India’s neighbourhood kirana stores—long seen as informal, cash-driven, and disconnected from the financial mainstream—are quietly undergoing a structural transformation. Powered by digital payments, they are now firmly stepping into the formal economy, with over 70 crore active QR codes linking small merchants directly to India’s financial system, according to a report by Worldline.
This shift marks more than just a change in how payments are made. It signals a fundamental reordering of merchant retail in India.
The report highlights how India has decisively moved from taps to a scan-first economy, where digital payments are no longer an occasional convenience but an everyday habit—for both consumers and shopkeepers. From buying milk to settling monthly grocery bills, QR-based payments have become embedded in daily commerce.
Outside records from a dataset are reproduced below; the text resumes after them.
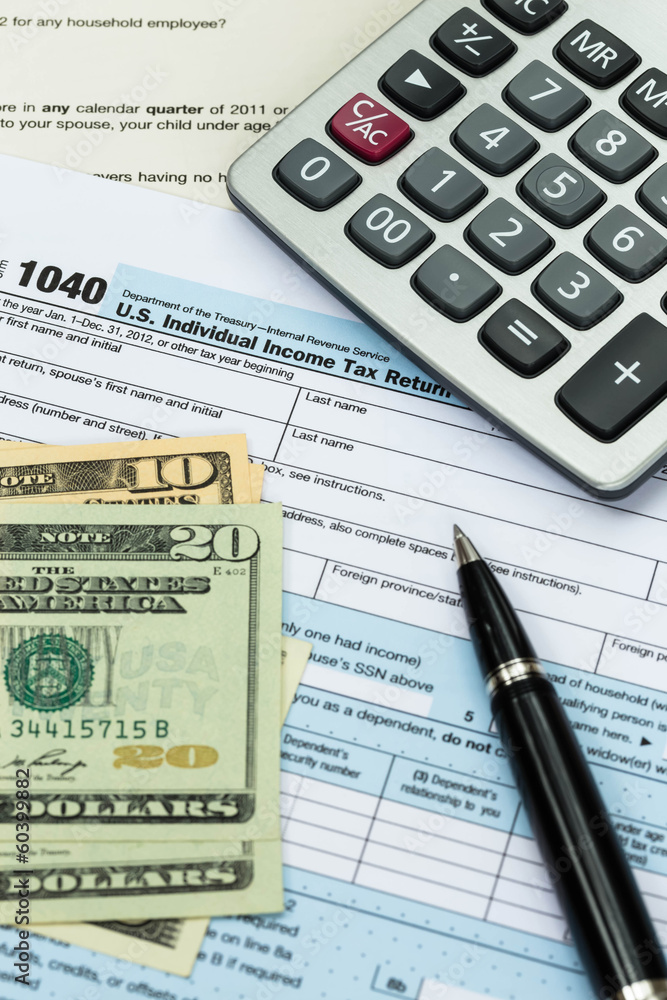 Tax form with pen, calculator, and dollar banknote taxation conc Tax form with pen, calculator, and dollar banknote taxation conc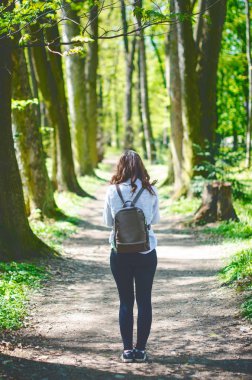 Genç kadın bir yolu ormandaki bir fotoğraf al. Güzel kadın çantası. Doğa. Yaprak döken ağaçlar. Bahar zamanı. Zevk hava ve güneş ışığı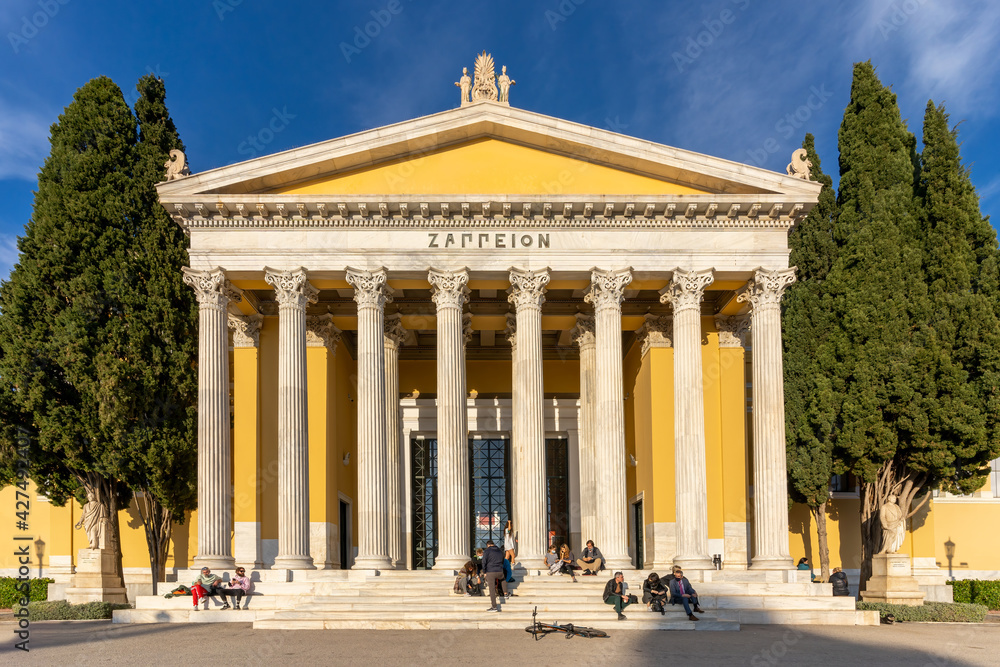 Obraz premium Athens, Attica, Greece. Facade of the famous neo classical building Zappeion Hall in the center of Athens city. People are sitting on the stairs relaxing under the bright sun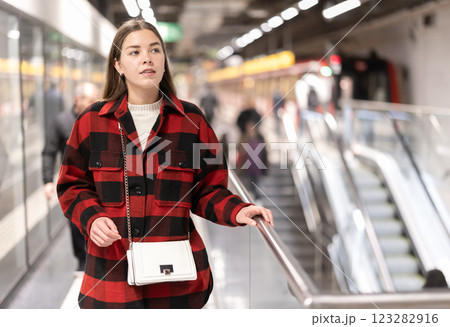 Woman changing to the subway 123282916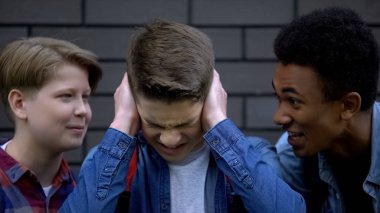 Depresif çocuk alay ve okul arkadaşlarının hakaret, zorbalık kulaklarını kapsayan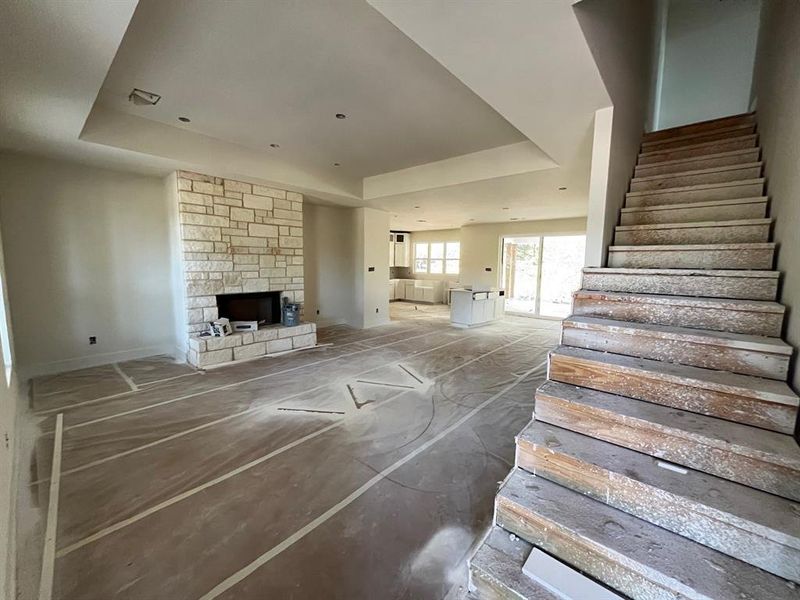 Living area with a raised ceiling and a fireplace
The third quarter of 2025 emerged as a clear inflection point. With 709 million active QR codes in circulation, even the smallest kirana stores are now digitally discoverable, transaction-ready, and visible within the formal financial ecosystem. As the report notes, this has placed neighbourhood stores on near-equal footing with modern retail formats, at least in payments acceptance and transaction traceability.
This mass adoption has also reshaped India’s broader payments landscape. The Unified Payments Interface (UPI) continues to dominate high-frequency, low-value transactions, making it the default choice for daily purchases. At the same time, an 8% rise in credit card issuance is fuelling higher-value and aspirational spending, reflecting growing consumer confidence.
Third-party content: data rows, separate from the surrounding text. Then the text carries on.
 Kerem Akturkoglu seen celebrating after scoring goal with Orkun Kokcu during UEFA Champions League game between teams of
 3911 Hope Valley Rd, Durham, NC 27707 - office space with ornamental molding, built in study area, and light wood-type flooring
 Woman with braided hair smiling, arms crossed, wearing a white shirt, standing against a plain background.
Rather than competing, different payment instruments are settling into distinct roles. Credit cards remain the preferred option for big-ticket purchases, while prepaid cards are finding traction in micro-payments and recurring use cases. Debit cards, meanwhile, are seeing a gradual decline as faster and more flexible digital options take over.
The report underscores that these payment rails now coexist, rather than crowding each other out—QR scans for everyday needs, card swipes for aspirational consumption. This layered behaviour points to a maturing ecosystem capable of serving diverse spending patterns across income groups and geographies.
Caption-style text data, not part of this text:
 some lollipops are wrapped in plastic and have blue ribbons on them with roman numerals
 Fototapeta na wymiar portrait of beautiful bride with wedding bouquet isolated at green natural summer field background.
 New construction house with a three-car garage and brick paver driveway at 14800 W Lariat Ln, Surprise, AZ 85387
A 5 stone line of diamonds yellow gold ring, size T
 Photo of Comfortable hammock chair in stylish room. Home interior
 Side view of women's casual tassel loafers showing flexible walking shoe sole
Perhaps most striking is the global implication. India is no longer following international models of digital payments—it is setting them. The sheer scale of QR adoption, the ubiquity of UPI, and the balanced role of cards demonstrate how deeply digital payments are woven into India’s economic fabric.
For kirana stores, this evolution is transformative. Digital payments are not just simplifying transactions; they are bringing millions of small merchants into the formal economy—improving transparency, financial access, and long-term sustainability. In 2025, the humble kirana is no longer on the margins of India’s growth story. It is increasingly at its digital core.